Reading Nicholas Carr’s The Shallows has been an interesting experience for me because I can identify with what he writes about. I first started using a computer when I was about eight years old, and in retrospect, I must admit that computers and the Internet have changed the way I think and live. I used to be an avid reader of physical books, but once I got my hands on the Internet I became hooked and basically stopped reading altogether. I guess I would now classify myself as a “marginal reader,” because I skim things and probably miss out on a lot of valuable information. Nevertheless, I feel like the Internet is more useful and life-changing than any book will ever be.

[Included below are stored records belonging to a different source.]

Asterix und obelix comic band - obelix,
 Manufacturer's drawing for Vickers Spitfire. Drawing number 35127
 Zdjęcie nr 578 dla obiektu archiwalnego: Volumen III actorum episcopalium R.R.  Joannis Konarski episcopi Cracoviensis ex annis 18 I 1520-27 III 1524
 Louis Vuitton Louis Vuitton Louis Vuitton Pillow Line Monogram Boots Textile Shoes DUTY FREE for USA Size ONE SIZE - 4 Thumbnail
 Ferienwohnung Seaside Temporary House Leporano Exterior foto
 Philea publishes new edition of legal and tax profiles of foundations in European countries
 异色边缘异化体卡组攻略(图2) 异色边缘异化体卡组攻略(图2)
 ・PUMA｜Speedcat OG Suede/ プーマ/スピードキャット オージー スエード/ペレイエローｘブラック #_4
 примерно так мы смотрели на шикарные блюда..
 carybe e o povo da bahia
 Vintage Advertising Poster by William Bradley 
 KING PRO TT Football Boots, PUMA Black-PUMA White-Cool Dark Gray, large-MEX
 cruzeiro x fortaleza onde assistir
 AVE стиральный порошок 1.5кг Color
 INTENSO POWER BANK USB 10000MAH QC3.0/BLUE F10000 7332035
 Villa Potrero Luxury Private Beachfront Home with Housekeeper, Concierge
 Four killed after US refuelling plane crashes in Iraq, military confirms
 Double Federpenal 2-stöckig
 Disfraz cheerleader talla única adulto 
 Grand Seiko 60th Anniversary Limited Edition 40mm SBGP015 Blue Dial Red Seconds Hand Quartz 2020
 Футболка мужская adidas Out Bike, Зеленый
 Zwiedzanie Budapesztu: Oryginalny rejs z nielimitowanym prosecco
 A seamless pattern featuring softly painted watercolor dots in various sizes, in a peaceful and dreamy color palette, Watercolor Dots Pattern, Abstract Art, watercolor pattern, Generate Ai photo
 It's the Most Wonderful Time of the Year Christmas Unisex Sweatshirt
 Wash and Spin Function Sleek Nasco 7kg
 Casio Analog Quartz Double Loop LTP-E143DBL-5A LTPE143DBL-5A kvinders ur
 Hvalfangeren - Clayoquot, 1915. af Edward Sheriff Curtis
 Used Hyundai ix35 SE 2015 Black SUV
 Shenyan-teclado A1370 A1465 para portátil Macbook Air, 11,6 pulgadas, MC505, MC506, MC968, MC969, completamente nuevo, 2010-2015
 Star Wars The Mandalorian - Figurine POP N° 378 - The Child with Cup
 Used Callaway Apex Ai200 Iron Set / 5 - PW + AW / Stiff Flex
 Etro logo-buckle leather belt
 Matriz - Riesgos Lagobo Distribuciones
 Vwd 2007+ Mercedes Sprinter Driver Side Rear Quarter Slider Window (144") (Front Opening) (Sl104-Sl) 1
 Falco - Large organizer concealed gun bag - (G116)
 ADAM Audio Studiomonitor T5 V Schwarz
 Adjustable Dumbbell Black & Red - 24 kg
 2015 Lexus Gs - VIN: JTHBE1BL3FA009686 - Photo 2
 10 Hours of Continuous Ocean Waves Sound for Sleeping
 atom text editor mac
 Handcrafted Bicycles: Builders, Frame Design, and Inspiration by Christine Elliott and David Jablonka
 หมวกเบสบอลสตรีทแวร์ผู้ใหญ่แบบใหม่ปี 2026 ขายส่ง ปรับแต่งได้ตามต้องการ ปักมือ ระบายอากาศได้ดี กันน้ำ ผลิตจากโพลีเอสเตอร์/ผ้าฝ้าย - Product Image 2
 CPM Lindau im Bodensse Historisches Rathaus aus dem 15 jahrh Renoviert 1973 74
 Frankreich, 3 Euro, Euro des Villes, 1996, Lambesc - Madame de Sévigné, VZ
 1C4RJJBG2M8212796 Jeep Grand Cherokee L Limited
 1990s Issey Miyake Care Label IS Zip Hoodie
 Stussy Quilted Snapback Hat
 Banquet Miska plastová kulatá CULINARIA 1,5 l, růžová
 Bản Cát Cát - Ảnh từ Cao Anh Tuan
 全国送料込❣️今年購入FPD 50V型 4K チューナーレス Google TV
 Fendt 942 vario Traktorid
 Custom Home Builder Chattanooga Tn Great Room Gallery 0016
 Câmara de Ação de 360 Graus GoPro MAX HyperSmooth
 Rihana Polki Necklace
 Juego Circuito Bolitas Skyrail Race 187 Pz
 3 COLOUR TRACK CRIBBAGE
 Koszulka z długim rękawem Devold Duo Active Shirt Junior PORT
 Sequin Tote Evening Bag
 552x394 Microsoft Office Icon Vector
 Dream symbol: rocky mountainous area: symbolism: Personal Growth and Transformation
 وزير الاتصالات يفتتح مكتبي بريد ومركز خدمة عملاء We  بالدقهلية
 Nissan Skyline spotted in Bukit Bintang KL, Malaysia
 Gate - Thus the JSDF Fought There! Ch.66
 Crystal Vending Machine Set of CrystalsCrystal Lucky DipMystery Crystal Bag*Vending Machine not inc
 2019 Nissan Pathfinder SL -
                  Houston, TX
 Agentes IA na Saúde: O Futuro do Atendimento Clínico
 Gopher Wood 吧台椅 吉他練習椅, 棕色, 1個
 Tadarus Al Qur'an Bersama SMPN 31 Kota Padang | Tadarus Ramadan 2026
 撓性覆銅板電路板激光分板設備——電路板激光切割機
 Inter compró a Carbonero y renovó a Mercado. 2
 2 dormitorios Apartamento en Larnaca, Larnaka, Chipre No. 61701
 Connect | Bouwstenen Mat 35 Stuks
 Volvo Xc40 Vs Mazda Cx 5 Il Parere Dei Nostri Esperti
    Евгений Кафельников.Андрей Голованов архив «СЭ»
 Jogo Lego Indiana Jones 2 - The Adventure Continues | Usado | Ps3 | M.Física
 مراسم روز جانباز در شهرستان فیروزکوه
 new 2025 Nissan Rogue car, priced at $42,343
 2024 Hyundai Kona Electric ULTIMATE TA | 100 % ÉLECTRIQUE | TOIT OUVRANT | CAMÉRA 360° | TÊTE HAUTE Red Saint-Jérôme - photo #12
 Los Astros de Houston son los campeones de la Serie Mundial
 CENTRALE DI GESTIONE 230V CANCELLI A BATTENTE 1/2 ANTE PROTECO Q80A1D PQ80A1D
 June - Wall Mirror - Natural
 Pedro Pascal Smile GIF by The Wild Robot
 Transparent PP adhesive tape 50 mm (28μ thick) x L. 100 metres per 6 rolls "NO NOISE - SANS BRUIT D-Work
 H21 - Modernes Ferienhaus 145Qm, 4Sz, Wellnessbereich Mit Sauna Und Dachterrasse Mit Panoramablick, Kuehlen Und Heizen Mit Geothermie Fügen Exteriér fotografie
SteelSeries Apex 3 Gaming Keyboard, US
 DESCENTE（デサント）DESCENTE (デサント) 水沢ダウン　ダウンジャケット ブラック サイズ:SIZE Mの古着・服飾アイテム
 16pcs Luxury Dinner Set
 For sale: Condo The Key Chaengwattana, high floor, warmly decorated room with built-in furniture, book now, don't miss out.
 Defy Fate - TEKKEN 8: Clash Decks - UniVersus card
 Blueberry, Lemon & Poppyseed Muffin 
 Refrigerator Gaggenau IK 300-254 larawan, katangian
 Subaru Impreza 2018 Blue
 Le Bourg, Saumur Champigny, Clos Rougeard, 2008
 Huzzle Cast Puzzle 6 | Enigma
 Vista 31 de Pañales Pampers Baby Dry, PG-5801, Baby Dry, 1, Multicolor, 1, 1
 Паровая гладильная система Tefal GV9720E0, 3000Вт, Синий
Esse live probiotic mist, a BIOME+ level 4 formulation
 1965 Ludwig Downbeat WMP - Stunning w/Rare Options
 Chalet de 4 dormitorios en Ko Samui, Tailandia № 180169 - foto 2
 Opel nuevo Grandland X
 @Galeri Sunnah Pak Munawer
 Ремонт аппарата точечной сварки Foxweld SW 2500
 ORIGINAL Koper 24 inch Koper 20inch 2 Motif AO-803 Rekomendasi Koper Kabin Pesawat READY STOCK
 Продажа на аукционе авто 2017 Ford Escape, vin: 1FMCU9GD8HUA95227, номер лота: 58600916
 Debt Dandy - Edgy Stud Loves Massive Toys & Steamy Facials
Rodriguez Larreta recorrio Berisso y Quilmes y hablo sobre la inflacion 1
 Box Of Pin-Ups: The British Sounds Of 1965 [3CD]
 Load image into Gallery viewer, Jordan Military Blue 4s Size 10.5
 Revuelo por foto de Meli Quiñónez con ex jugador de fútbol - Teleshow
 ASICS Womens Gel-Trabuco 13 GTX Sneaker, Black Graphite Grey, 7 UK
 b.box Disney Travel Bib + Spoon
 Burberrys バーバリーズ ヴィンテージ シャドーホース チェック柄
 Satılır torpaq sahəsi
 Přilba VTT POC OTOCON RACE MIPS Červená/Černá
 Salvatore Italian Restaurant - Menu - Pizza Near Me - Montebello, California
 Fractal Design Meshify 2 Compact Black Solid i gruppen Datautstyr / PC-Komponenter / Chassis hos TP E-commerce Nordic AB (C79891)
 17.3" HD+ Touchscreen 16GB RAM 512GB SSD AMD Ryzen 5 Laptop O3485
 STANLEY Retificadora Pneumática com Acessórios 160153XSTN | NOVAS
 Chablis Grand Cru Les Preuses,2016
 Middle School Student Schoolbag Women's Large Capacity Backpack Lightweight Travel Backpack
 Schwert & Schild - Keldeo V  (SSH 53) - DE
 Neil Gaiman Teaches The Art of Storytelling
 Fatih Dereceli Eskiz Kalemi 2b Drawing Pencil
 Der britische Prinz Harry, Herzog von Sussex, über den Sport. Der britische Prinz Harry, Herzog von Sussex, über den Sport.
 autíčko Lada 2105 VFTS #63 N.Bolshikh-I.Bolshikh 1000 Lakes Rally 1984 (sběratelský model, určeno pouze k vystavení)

Even though Carr consistently “disses” the Internet, it’s hard to argue that the Internet essentially took the world and made it into one small community. Thanks to the Internet, we can now stay in constant contact with friends, relatives or even strangers regardless of whether they are across the country or across the globe. In my opinion, the Internet provides a channel for people to live and enjoy life together. About a year ago, I saw a story on the news that compared the divorce rate for World War II soldiers with the divorce rate for soldiers in Iraq. The story claimed that World War II soldiers got divorced three times more often than U.S. soldiers in Iraq. The reason for this dramatically lower divorce rate (according to a university study), is the Internet. Thanks to the Internet, soldiers in Iraq are now able to do things like Facebook and Skype their spouse, and this fosters stronger long-distance relationships that are less prone to divorce.

One of my favorite songs (called “Swing Life Away” by Rise Against) has the following line: “Are we getting closer, or are we just getting more lost?” Even though I love the Internet, Carr has forced me to wonder: IS the Internet bringing us closer, or IS it just getting us more lost?